++++ DATA TO EXAMINE
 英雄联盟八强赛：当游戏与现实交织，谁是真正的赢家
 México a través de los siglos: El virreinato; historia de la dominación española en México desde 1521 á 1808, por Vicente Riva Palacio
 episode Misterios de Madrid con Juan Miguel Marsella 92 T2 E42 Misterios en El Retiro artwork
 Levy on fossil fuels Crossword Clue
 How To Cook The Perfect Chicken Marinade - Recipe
++++++++
++++ DATA TO EXAMINE
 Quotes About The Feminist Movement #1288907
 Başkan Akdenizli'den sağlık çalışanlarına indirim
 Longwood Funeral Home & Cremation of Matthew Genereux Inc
++++++++
++++ DATA TO EXAMINE
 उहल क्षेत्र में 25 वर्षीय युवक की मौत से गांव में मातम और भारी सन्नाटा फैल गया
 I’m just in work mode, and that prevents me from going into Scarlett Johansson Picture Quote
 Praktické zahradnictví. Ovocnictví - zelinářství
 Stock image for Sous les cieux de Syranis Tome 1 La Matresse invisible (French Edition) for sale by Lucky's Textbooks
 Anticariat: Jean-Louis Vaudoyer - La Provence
++++++++
> _WHAT THE TASK REQUIRES_
Output the lines above between the one holding "Levy on fossil fuels Crossword Clue" and the one holding "How To Cook", inclusive, with nothing before or after them.

> _TASK SOLUTION_
 Levy on fossil fuels Crossword Clue
 How To Cook The Perfect Chicken Marinade - Recipe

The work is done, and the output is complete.